Which emergency loan should you get?

The right emergency loan for you depends on a number of factors, including how quickly you need the money and how much you need to borrow.

  • Best emergency loans for fast funding. Personal loans, credit card cash advances, payday loans and title loans will put money in your pocket the fastest. You’ll get the best personal loan rates or credit card advances if you have good credit. If your credit is poor, consider a payday loan or payday advance, but make sure you clearly understand the risks first. If you need a title loan, make sure you can pay it back to avoid losing your car.
  • Best emergency loans for long terms. Personal loans, home equity loans and HELOCs give you the longest payoff terms, which will help keep your payment as low as possible.
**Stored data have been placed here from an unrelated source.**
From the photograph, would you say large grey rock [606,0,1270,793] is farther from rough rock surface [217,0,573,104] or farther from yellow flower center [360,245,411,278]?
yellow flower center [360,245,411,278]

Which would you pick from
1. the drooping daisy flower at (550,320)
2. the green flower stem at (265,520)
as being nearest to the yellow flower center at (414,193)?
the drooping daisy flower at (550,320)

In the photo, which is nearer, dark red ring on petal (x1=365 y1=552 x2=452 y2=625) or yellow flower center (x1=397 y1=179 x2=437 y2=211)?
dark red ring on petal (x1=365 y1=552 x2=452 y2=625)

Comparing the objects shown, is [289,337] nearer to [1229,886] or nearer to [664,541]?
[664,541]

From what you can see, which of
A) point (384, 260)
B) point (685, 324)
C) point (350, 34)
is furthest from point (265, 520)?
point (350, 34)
However, you’ll end up paying hefty interest charges if you can’t pay the balance off early.
  • Best emergency loan for large loan amounts. A personal loan is usually best if you need up to $50,000, while a home equity loan or HELOC may allow you to borrow over $100,000, depending on how much equity you have.
  • Best alternatives to emergency loans. Payment plans and borrowing from relatives can help you avoid interest charges and qualifying headaches. However, make sure you budget for your reduced earnings with a payday advance or have a good relationship with a friend or family member you borrow from.

Bottom line

Most experts recommend saving three to six months of expenses to avoid needing to finance an emergency. To avoid paying extra interest on emergency costs, do your best to stash extra cash to build up your savings. Keeping your credit in tip-top shape can help you get the lowest rates at the best terms if you end up needing a loan in an urgent situation.